__Task objective__
From the line containing "年轻美丽的金发蓝眼睛女人在孤立的背景上穿着蓝色T恤图片" to the end of the records below, both included, every line should be repeated exactly; pictures should be dropped.

[Start of section]

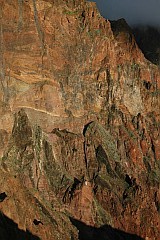 Santo Anto : Alto Mira Salto Preto : trail through steep face : Landscape Mountain
Cabo Verde Foto Gallery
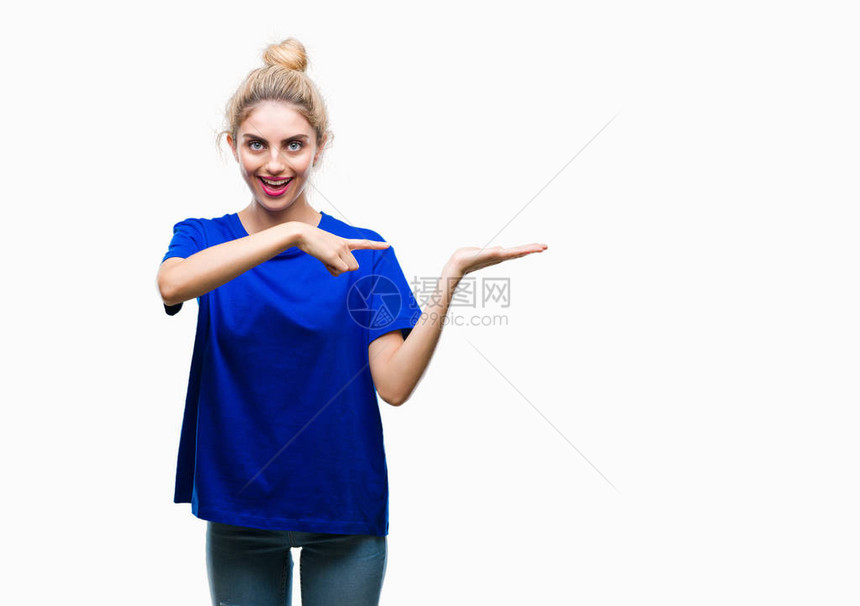 年轻美丽的金发蓝眼睛女人在孤立的背景上穿着蓝色T恤图片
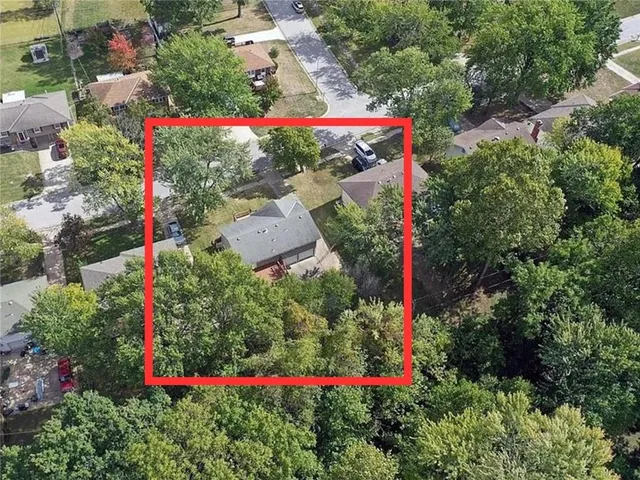 $343,950 | 7640 Northwest Milrey Drive, Kansas City, MO 64152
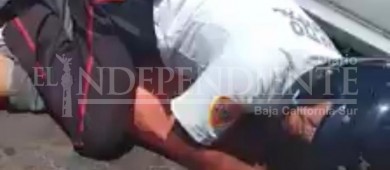 Policía de Los Cabos ataca a un ciudadano por grabar su proceder contra Uber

[End of section]

__Task solution__
 年轻美丽的金发蓝眼睛女人在孤立的背景上穿着蓝色T恤图片
 $343,950 | 7640 Northwest Milrey Drive, Kansas City, MO 64152
 Policía de Los Cabos ataca a un ciudadano por grabar su proceder contra Uber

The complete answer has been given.